Just say no: Two North Carolina counties reject ‘Zuckerbucks' for elections
More than 20 states have banned private funds for elections like those from Mark Zuckerberg’s Center for Tech and Civic Life.
Two North Carolina county election offices named to receive grants from a nonprofit tied to Facebook founder Mark Zuckerberg will not accept any direct funding, opting instead to leverage the affiliation for networking and training.
The Center for Tech and Civic Life recently announced 10 county and municipal election offices slated to receive grant funding from the center’s U.S. Alliance for Election Excellence, which bills itself as “a five-year, $80 million strategy to envision, support, and celebrate excellence in U.S. election administration.”
Brunswick and Forsyth counties join other 2023 grant recipients on the list from California, Connecticut, Illinois, Michigan and Nevada.
The announcement follows more than $400 million distributed by the nonprofit during the 2020 presidential election – the vast majority donated by Zuckerberg – that Republicans have argued was unfairly distributed to Democrat-leaning districts. The money is often called Zuckerbucks.
More than 20 states responded by banning private funds for elections. Democratic Gov. Roy Cooper, however, vetoed similar legislation in December 2021 saying outside money is needed because the Legislature does not properly fund local election boards.
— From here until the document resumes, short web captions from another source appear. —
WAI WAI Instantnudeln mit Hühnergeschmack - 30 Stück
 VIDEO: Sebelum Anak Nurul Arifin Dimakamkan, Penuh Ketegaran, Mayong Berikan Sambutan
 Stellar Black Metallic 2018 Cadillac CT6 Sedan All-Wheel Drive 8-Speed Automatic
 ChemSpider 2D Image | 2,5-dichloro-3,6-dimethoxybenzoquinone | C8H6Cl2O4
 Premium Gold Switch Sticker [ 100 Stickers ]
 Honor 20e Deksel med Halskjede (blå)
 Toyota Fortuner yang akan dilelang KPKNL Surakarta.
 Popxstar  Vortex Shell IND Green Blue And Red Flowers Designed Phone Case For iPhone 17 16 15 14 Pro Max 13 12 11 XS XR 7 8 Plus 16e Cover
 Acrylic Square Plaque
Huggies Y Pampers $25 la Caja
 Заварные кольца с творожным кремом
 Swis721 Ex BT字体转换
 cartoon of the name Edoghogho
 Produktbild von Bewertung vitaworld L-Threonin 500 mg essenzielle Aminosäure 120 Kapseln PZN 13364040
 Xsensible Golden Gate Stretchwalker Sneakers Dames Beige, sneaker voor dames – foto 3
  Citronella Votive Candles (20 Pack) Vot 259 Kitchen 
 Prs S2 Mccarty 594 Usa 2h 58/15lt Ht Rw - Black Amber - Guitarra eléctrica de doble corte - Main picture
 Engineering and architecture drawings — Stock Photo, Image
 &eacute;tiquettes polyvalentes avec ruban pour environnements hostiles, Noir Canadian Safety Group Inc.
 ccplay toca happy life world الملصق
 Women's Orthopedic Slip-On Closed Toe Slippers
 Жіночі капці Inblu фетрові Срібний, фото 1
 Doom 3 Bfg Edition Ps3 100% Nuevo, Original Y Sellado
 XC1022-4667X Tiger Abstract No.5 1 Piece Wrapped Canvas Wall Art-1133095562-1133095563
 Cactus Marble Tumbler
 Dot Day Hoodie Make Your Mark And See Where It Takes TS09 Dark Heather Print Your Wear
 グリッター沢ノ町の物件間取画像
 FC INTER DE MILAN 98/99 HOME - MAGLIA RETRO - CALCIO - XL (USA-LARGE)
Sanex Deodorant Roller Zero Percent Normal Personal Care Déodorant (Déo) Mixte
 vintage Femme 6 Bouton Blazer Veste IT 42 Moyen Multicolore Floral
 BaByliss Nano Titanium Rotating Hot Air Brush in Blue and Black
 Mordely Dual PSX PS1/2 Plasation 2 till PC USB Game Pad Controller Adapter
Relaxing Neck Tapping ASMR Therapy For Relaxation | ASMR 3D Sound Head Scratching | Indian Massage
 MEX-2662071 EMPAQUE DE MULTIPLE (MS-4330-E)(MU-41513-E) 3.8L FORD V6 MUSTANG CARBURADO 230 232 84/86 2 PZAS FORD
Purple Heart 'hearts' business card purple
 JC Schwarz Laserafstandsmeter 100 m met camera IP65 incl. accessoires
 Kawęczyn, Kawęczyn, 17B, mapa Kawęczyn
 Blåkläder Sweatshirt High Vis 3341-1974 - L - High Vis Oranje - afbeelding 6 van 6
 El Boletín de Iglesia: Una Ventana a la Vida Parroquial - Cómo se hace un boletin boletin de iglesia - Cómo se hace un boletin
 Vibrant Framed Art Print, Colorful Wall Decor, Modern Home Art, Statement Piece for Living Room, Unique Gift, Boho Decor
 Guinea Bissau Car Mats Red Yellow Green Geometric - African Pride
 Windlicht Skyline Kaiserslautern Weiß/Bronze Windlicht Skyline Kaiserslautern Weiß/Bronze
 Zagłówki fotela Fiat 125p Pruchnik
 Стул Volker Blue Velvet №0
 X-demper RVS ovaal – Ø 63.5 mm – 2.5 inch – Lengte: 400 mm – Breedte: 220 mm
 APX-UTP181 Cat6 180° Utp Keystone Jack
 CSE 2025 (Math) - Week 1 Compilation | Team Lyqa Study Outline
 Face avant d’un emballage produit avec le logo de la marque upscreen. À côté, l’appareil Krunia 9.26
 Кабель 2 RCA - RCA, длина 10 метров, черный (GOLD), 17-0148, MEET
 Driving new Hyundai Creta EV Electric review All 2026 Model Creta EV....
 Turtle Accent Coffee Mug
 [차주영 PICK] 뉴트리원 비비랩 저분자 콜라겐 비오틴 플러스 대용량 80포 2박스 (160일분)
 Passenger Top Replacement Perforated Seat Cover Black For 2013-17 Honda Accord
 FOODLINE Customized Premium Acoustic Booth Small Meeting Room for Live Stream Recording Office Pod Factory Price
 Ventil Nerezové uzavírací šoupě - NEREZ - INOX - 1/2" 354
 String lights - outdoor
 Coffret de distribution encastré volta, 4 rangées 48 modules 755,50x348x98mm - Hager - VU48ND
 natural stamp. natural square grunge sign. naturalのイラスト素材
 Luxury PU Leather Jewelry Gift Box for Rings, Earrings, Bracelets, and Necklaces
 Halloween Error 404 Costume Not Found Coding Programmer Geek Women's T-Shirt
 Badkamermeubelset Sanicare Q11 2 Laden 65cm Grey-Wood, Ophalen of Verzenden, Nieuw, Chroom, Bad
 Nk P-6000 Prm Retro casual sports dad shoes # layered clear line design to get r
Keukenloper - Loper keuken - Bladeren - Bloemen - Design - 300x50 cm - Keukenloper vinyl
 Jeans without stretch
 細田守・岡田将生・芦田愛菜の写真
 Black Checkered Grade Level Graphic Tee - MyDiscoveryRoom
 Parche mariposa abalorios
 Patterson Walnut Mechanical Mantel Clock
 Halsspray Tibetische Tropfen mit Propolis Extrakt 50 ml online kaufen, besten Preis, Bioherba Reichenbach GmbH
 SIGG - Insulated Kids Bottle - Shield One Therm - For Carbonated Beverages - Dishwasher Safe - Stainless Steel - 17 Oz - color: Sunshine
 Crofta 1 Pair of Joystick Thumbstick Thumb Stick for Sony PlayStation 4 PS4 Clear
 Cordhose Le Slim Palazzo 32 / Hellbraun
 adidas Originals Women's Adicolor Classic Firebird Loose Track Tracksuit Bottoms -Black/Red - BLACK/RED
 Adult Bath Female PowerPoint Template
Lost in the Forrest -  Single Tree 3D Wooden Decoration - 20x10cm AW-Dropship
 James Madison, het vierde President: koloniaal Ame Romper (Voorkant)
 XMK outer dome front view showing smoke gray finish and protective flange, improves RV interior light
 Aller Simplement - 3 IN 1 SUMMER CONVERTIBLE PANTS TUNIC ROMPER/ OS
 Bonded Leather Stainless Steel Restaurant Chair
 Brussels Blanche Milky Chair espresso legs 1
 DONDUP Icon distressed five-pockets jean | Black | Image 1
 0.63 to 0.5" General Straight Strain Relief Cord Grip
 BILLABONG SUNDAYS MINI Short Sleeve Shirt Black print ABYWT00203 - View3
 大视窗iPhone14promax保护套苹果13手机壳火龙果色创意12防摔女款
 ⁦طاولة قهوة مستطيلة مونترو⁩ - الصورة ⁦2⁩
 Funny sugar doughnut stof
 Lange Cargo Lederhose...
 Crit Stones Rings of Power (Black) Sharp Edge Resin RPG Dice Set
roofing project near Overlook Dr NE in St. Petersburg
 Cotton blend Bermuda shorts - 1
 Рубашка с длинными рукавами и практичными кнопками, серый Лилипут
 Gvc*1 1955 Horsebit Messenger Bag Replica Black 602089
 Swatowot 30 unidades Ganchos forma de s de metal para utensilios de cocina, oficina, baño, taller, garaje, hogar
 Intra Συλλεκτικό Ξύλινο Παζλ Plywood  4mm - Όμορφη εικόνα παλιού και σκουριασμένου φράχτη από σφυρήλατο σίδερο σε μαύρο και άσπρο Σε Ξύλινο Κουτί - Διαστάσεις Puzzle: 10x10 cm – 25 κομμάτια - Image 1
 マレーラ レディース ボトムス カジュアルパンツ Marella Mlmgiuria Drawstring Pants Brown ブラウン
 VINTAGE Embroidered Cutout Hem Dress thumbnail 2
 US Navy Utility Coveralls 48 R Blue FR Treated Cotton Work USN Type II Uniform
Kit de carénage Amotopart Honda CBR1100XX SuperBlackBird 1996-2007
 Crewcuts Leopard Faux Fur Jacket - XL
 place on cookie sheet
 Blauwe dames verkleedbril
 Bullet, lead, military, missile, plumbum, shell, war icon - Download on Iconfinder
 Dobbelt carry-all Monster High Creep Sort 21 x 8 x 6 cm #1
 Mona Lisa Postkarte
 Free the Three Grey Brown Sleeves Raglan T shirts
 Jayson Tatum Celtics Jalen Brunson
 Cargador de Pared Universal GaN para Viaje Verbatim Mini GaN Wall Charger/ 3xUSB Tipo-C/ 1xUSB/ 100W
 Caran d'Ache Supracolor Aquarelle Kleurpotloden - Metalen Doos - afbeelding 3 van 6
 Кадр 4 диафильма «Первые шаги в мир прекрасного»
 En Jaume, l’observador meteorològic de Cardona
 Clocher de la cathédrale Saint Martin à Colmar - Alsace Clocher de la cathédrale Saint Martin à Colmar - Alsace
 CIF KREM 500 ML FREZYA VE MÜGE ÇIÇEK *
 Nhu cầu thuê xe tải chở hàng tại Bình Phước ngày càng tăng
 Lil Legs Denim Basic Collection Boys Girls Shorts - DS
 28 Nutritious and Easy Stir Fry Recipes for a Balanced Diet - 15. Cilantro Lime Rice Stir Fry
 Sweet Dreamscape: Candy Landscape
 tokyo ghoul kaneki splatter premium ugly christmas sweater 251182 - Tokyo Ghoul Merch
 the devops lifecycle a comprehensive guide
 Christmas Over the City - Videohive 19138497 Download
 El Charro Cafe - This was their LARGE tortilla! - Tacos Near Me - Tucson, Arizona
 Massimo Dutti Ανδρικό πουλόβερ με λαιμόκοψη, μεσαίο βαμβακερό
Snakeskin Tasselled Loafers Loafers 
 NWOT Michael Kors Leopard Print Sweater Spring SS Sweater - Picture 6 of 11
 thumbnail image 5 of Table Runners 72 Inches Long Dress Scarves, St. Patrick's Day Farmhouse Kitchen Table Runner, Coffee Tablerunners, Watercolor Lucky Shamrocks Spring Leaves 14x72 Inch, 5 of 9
Sara Lavere, director of the Brunswick County Board of Elections, told The Center Square she joined the alliance through a $4,000 premium membership that will be offset by a scholarship of the same amount, but currently does not “have any plans to outright take money from the alliance” to administer elections.
The alliance membership agreement stipulates that the nonprofit’s “commitment to nonpartisanship is total. We will never attempt to influence the outcome of any election. Period.”
Brunswick County – in the far southeastern corner of the state bordering South Carolina and across the Cape Fear River from Wilmington – received $67,291 from CTCL in 2020, and used money to hire a temporary employee, she said.
“I don’t know if I would consider (the alliance grants) similar funds” as the 2020 CTCL grant, Lavere said.
“They have a scholarship that would pay for the membership. And they’d have funds available to reimburse me for travel to meetings,” she said. “I don’t plan to have any money given to me to help run the elections.”
Lavere said she applied for an alliance membership as “an opportunity to network with others on elections.”
“It’s really helpful to see how other people do things,” she said.
“If there’s opportunity to visit other counties across the country, and they will cover travel expenses, that might be something I’d take advantage of,” Lavere said, adding that she gained approval from her bipartisan county board before joining the alliance.
Lavere agreed to consult with her county board before implementing any initiatives inspired by the alliance.
Forsyth County Elections Director Tim Tsujii, a member of CTCL’s advisory committee, also cited the opportunity to network for joining the alliance, and promised to reject any direct elections funding.
“We have no intent or plans to apply for or to even accept any grant funds,” he said. “We’re purely participating in this program for professional development purposes, and the certification and educational piece.
“So we’re not anticipating receiving any grants, because we had no intent for applying for or receiving any of that grant funding,” Tsujii said.
Forsyth County – home to Winston-Salem in the northwestern Piedmont region of the state – did not apply for or receive any CTCL funding in 2020, he said.